Lipscomb was born on April 2, 1878, in Washington, D.C. He enlisted in the Navy from that city in around 1900 and by September 8, 1910, was serving as a watertender on the . On that day, while the North Dakota was conducting tests using oil as fuel, an explosion occurred, killing three sailors and endangering the ship. In the engine room, pieces of hot coal and coke floated in waist-high hot water, oil was aflame above one of the boilers, and the entire room was filled with smoke, steam, and fumes. Despite these dangers, Lipscomb and five other men of the ship's engineering department entered the engine room to haul the boiler fires and perform other tasks necessary to prevent a boiler explosion. After ensuring the safety of the ship, they then searched for and removed the bodies of the three sailors killed in the initial explosion.

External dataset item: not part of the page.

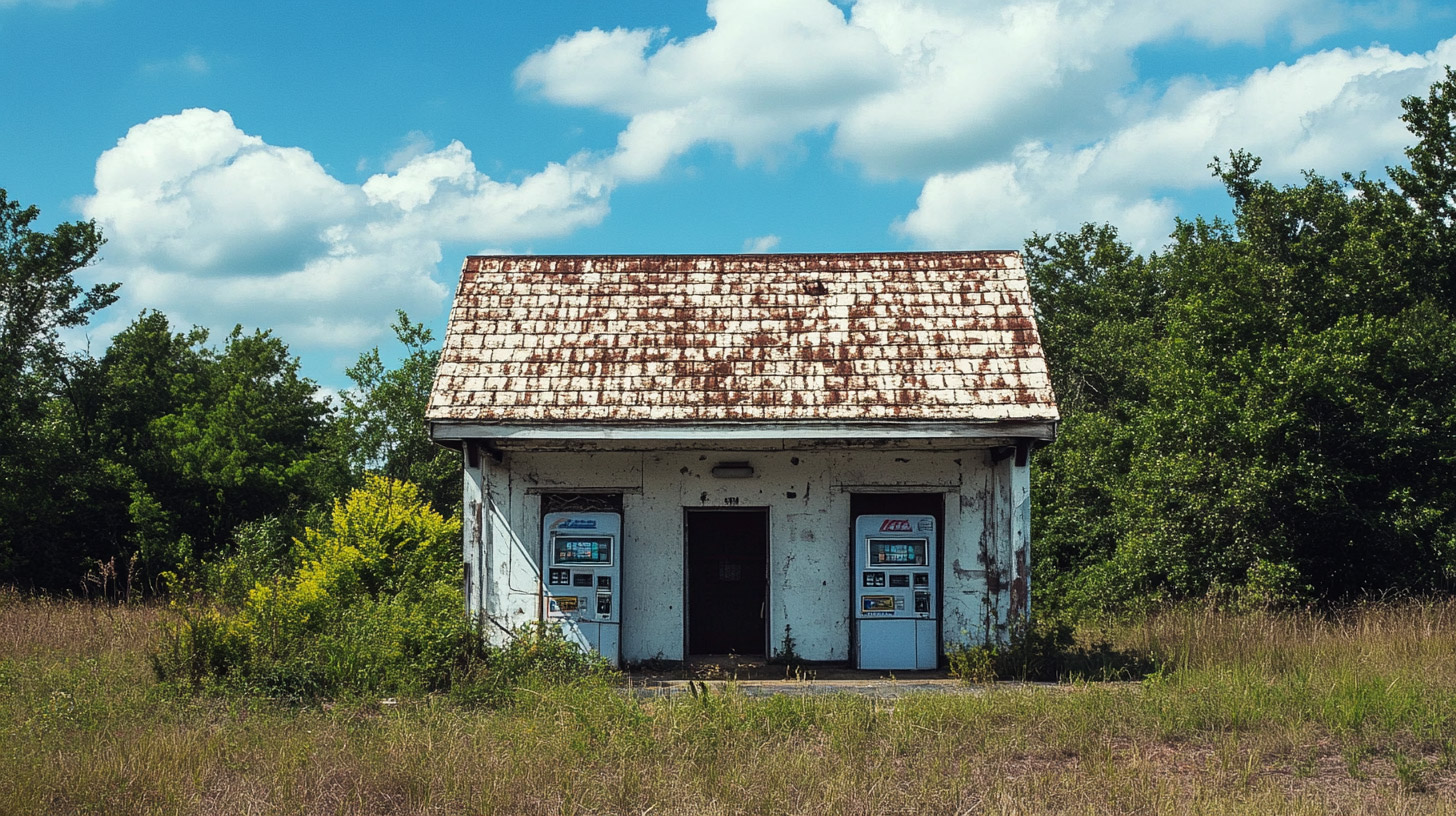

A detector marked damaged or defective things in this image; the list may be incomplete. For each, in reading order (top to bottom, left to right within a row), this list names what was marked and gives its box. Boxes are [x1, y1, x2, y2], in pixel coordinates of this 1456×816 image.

rusted roof [424, 252, 1056, 424]
rusty metal [430, 252, 1056, 424]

For these actions, Lipscomb and the five other men were awarded the Medal of Honor a month later, on October 4. The others were Chief Machinist's Mate Thomas Stanton, Chief Machinist's Mate Karl Westa, Chief Watertender August Holtz, Chief Watertender Patrick Reid, and Machinist's Mate First Class Charles C. Roberts.

Lipscomb reached the rank of chief watertender before leaving the Navy. He died at age 48 and was buried at Arlington National Cemetery, in Arlington, Virginia.

==Medal of Honor citation==
Lipscomb's official Medal of Honor citation reads:
On board the U.S.S. North Dakota, for extraordinary heroism in the line of his profession during the fire on board that vessel, 8 September 1910.